Image-text web data:
%%
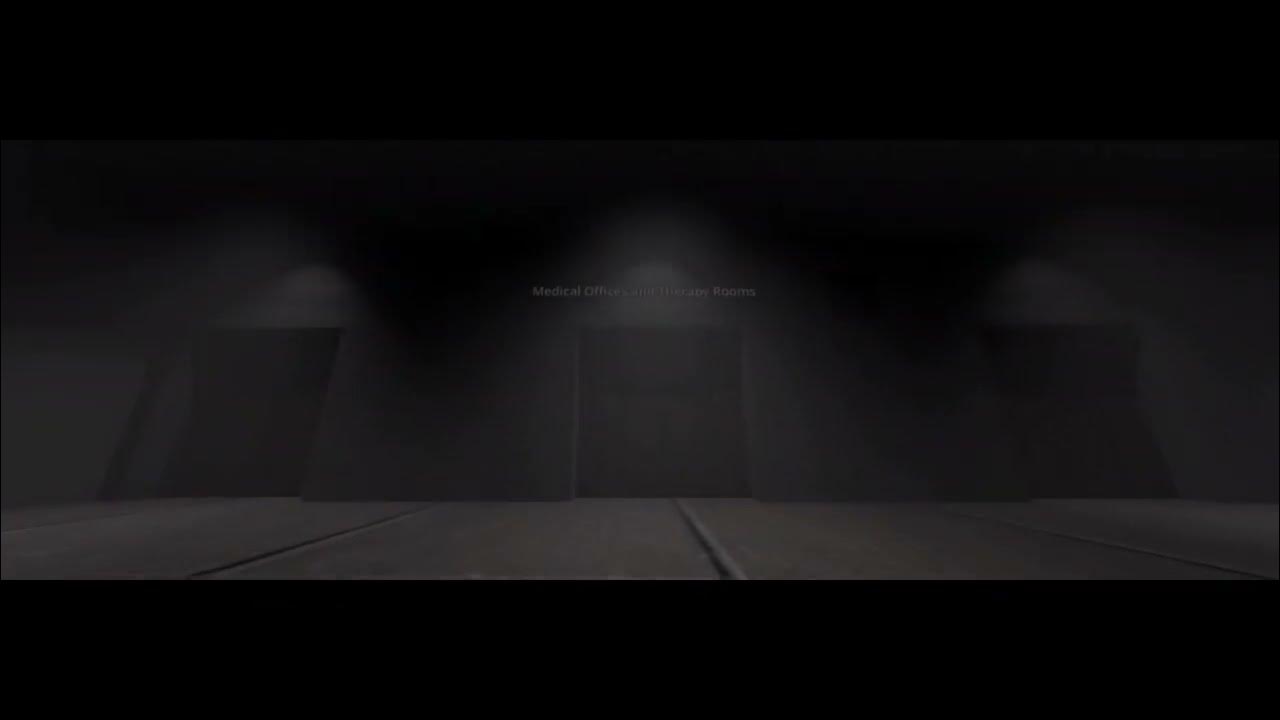 GameBit_Games's tweet card. Ravenmoore Psychiatric Hospital - Horror Game. (Teaser)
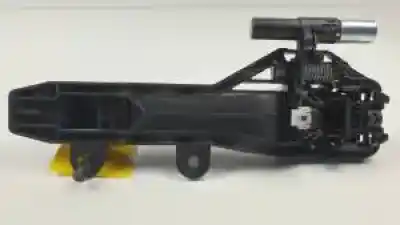 Second-hand car spare part exterior right rear door handle for mg zs 15s4c oem iam references   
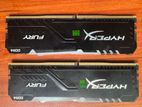 8GB*2 DDR4 RAM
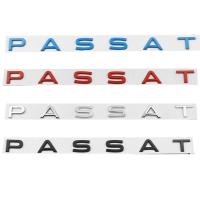 ราคา ใหม่ สติกเกอร์โลหะ ลายโลโก้ตัวอักษร PASSAT 3D สําหรับติดตกแต่งรถยนต์ Volkswagen PASSAT (24568566956)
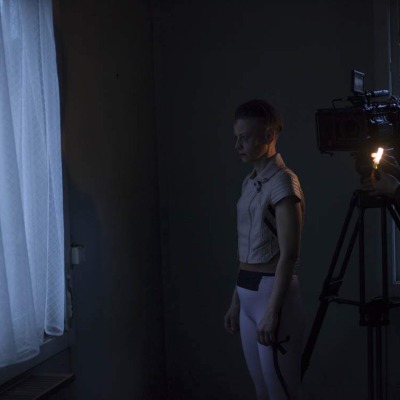 Keiner für alle, making of Prekärotopia FILM, Foto © Hagen Keller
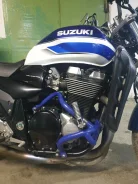 Suzuki GSX 1400. 1 402����. ��., ��������, ���, � �������� ����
%%
◆ **Activity**
Reproduce only the lines from the line with "8GB*2 DDR4 RAM" to the end of the entries. Keep both ends, copy them exactly, and omit every picture.

◆ **Reply**
 8GB*2 DDR4 RAM
 ราคา ใหม่ สติกเกอร์โลหะ ลายโลโก้ตัวอักษร PASSAT 3D สําหรับติดตกแต่งรถยนต์ Volkswagen PASSAT (24568566956)
 Keiner für alle, making of Prekärotopia FILM, Foto © Hagen Keller
 Suzuki GSX 1400. 1 402����. ��., ��������, ���, � �������� ����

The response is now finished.